Position title: UW System Fellow (2015-2016)

Address:
English, UW-Milwaukee

Portrait image of Theodore Martin in front of book shelves

Contemporary Drift: Genre and the Forms of the Present

This project begins from a deceptively simple question: what does it mean to be contemporary? While the question sounds practically timeless, the contemporary is in fact a relatively recent invention. The word did not become a historical category or a disciplinary framework until the mid-twentieth century. Yet the contemporary is not like other historical periods—for the simple reason that, as something that is ongoing and open-ended, it is not yet historical. The increasing prevalence of this not-quite-historical category suggests a deeper uncertainty about what it means to think about the present—our own living history—today. How do we manage to make sense of our contemporary moment? And how are those efforts reflected in the critical concepts and cultural forms we consider contemporary? Taking up these questions, “Contemporary Drift” has two central aims. It elaborates the challenges the contemporary poses to standard modes of historical understanding. And it argues that those challenges shape both the political concerns and the aesthetic forms of the field we call contemporary literature.
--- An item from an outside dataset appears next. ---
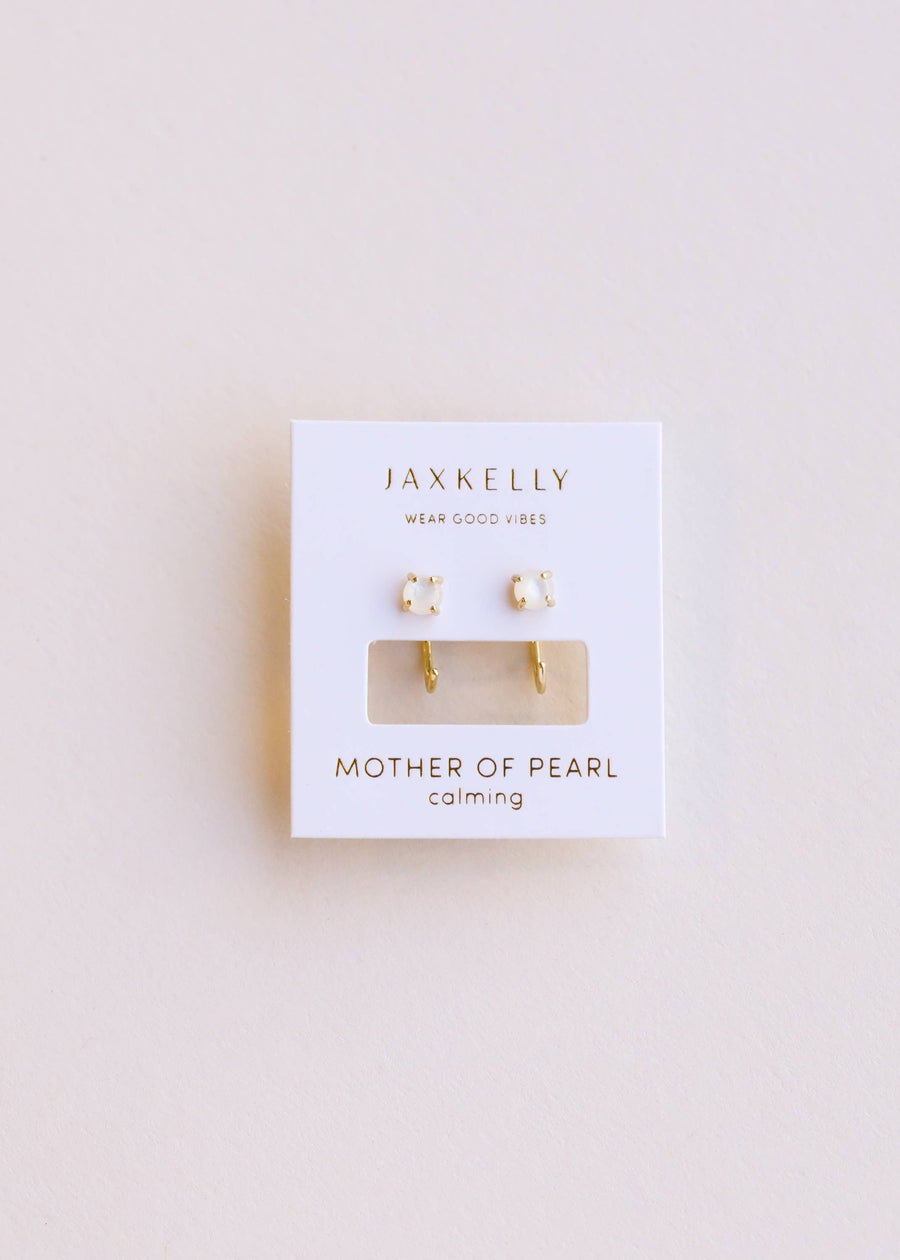 Mother of Pearl Huggies Earrings by JaxKelly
Ultimately, this book shows how the calamitous histories of our contemporary moment—from the rise of postindustrial capitalism to the crisis of a changing climate—are first inscribed in the forms that help us think about the concept of the contemporary itself.

Theodore Martin is Assistant Professor of English at the UW-Milwaukee. He specializes in post-1945 American and British fiction. His work has appeared in Modern Language Quarterly and Novel: A Forum on Fiction, and is forthcoming in the edited volume Postmodern/Postwar and After (University of Iowa Press). He is currently finishing a book titled “Contemporary Drift: Genre and the Forms of the Present.” He is also writing the entry on “Temporality” for the Oxford Research Encyclopedia of Literature.